IPv4 route lookup on Linux

erikb · on June 26, 2017

We seriously need more articles like this. As someone who would really like to understand more about the kernel source code, but without prior kernel knowledge (no classes in that direction) and barely any C knowledge the kernel is not the easiest part to read oneself into. Articles like this one help a lot, since they already provide an abstract model of what the code does and intends to do and why.

majke · on June 26, 2017

Technical articles get downvoted on HN a lot these days. It became super hard to promote technical stuff here.

Just look at this article - it's successful (on the front page) but it's hovering around 20th place, without any chances of raise: http://hnrankings.info/14631808/

dom0 · on June 26, 2017

> articles get downvoted

You can't downvote articles. (You can flag them, but flagging fine submissions is obviously abusive).

erikb · on June 26, 2017

flagging is basically downvoting

throwawaye · on June 26, 2017

Maybe it should renaming its title to "Rewriting IPv4 route lookup on Linux in VR using Rust and CSS"

betaby · on June 25, 2017

Unfortunately IPv6 stack doesn't match IPv4 one on features and optimizations. IPv6 is still using regular radix tree and a route cache.

vbernat · on June 26, 2017

Yes.

But IPv6 doesn't really have a route cache either. However, it handles exceptions differently than IPv4. With IPv6, exceptions are put in the tree along regular entries (there has been some bugs, like /128 routes disappearing due to a "cached" entry being expired) while IPv4 stores the exceptions with the next-hop information.

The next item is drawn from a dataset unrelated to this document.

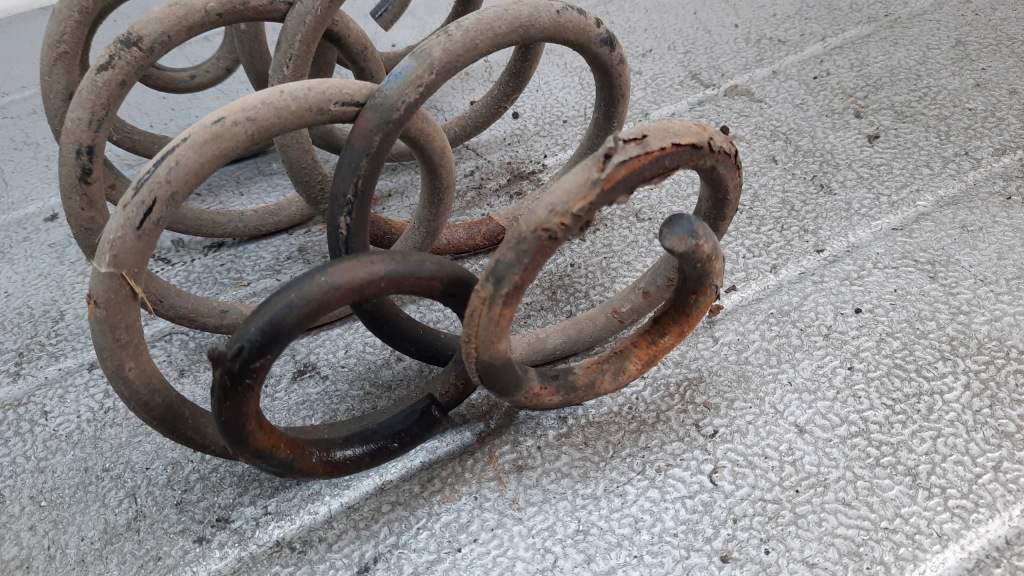 фото №2, Пружины задняя renault modus 07r 1.5dci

EDIT: I stand corrected: before 4.2, route entries were created for almost any destination, so it was essentially a route cache. After that, the entry is created only when it is really needed (MTU lower than the default MTU).

Thaxll · on June 25, 2017

Wasn't it possible to re-implement the same IPv4 model?

bogomipz · on June 26, 2017

Do you have any insight into why this is?

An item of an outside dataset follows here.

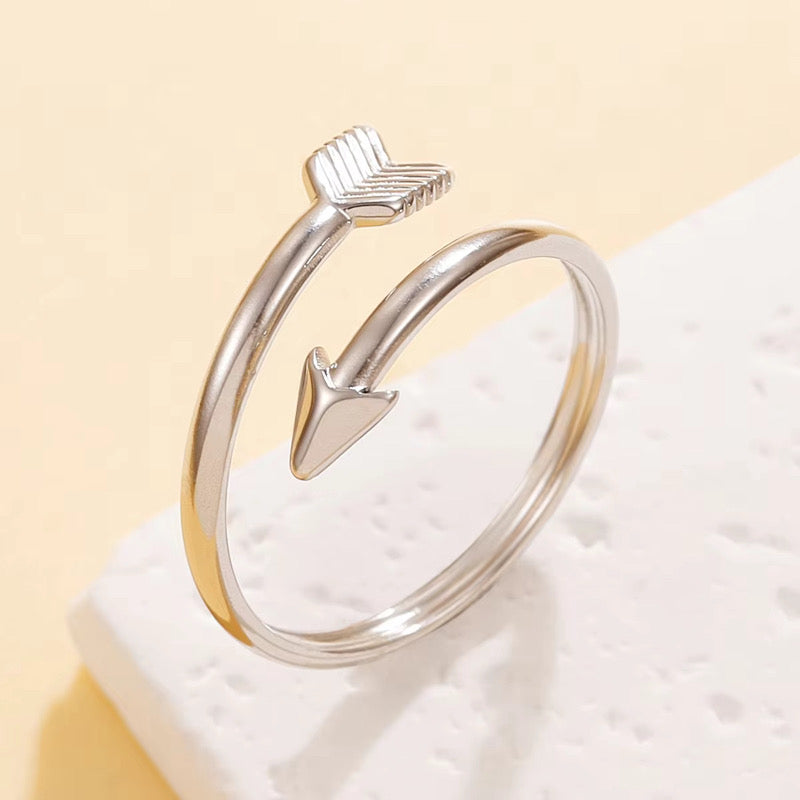 Follow the Arrow Ring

vbernat · on June 26, 2017

Author here. The weaknesses are known (see for example http://www.netdevconf.org/1.1/proceedings/slides/kubecek-ipv...). IPv6 doesn't have the same features as IPv4 (notably, IPv6 can do a route lookup using both source and destination addresses). Therefore, it's not just a matter of reusing what is done with IPv4.

bogomipz · on June 26, 2017

I guess you are referring to scoped addresses then in ipV6? That would makes sense. Thanks for the interesting link.

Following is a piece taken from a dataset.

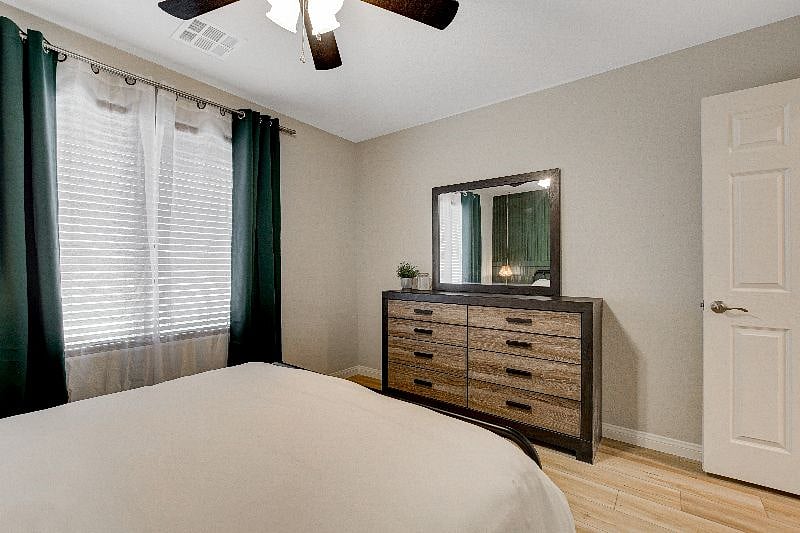 Furnished Finder property 538013_1 photo 28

slackingoff2017 · on June 26, 2017

Not a Linux networking expert... But one thing could be that you can fit entire IPV4 address space in ram easily and this obviously can't be done for IPV6.

Might make some design compromises slower and more complex, such as storing routes in Bloom filters rather than simple cache.

bogomipz · on June 26, 2017

No? Doesn't compress nicely with the empty octets and colon substitution?

slackingoff2017 · on June 27, 2017

Routers don't store IP addresses as strings... They use 32 bit and 2X64 bit unsigned ints usually.

And you can't compress something when measuring cardinality. Each route takes up an entry and the minimum space you can use with a non probabilistic structure is 1 bit per entry in a bit map.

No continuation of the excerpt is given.